Aquela menina resiste em mim, me chamando para caminhar, beijar delicadamente o rosto de meu filho e sorrir para uma amiga quando as palavras se equivocam

Por Angeli Rose – Academia Mineira de Belas Artes/ Jornal Clarín Brasil JCB – Belo Horizonte em 14/10/2020 às 06hs05mins

NOSSO PRESENTE: FUTURO DAS CRIANÇAS DE AGORA

                                                                                               Angeli Rose

Lembro-me ainda da criança que fui: ia a pé de manhã para a escola (pública!) com a turma da vizinhança, rindo, achando graça de tudo pelo caminho (Confesso, às vezes tocávamos as campainhas de algumas casas, escolhidas aleatoriamente).

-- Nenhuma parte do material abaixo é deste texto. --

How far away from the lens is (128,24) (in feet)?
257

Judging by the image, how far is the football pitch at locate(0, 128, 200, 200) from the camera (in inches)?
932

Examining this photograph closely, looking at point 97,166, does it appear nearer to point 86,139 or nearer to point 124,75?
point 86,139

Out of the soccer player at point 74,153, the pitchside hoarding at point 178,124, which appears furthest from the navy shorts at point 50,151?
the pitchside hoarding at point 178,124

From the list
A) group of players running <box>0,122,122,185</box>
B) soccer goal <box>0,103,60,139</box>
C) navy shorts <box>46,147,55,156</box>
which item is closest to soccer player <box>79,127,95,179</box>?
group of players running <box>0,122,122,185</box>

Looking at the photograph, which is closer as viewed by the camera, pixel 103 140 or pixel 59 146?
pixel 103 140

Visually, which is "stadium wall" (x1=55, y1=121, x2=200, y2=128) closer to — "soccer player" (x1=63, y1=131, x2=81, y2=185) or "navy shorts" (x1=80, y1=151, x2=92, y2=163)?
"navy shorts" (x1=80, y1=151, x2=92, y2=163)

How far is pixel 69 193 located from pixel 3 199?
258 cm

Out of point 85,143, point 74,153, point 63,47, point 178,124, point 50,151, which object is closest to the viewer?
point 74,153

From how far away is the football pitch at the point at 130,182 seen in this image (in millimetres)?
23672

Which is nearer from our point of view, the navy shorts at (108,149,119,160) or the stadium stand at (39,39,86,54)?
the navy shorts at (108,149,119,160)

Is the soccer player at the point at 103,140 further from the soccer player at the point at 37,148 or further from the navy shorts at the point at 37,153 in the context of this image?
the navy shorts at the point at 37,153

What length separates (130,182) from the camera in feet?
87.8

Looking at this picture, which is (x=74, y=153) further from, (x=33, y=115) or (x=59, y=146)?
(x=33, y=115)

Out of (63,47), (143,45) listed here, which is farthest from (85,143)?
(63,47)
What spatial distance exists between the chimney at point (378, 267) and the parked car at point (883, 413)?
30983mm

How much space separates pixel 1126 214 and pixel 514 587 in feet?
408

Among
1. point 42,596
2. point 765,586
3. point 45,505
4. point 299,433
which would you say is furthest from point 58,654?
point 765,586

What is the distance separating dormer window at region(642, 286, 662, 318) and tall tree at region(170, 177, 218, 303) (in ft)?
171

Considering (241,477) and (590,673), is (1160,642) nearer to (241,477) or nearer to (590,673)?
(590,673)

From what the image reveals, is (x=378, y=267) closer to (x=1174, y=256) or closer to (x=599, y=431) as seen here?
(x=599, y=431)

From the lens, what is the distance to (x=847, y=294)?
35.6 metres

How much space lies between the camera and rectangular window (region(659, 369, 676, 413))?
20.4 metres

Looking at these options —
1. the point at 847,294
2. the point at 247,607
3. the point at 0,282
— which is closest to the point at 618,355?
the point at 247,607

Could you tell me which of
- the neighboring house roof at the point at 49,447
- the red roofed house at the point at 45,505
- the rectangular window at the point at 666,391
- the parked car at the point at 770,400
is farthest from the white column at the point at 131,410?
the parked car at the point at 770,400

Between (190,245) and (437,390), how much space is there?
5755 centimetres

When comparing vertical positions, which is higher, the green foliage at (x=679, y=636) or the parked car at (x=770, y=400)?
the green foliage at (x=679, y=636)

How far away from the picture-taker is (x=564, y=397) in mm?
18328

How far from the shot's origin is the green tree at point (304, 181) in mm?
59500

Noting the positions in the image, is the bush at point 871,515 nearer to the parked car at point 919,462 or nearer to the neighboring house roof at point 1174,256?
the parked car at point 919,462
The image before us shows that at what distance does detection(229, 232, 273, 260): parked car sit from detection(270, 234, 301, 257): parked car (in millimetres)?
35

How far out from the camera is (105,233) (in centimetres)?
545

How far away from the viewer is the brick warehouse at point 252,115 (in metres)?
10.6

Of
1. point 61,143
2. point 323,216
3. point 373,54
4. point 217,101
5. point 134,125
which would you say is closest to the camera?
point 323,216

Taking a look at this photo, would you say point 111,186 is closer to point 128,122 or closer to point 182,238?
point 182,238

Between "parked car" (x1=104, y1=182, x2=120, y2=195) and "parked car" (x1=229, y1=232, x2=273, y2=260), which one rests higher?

Fui tímida, mas gostava de brincar de ser cantora, modelo e atriz e  algumas vezes arriscava ser a professora da garotada da rua. Brinquei muito de Queimado e Pique-esconde em Vila Isabel(RJ) bairro em que morava. Fazia também algumas coisas por obediência e falta de entendimento do que estava sendo proposto. Gostava de comer feijão com arroz fresquinho e ovo frito com gema mole antes de ir pra escola, quando passei para a série mais adiantada e mudei de turno. Eu tinha minha turma e meu irmão mais velho, a turma dele. Enfim, uma infância plena, se pensarmos que as contradições domésticas e sociais faziam parte daquele cotidiano.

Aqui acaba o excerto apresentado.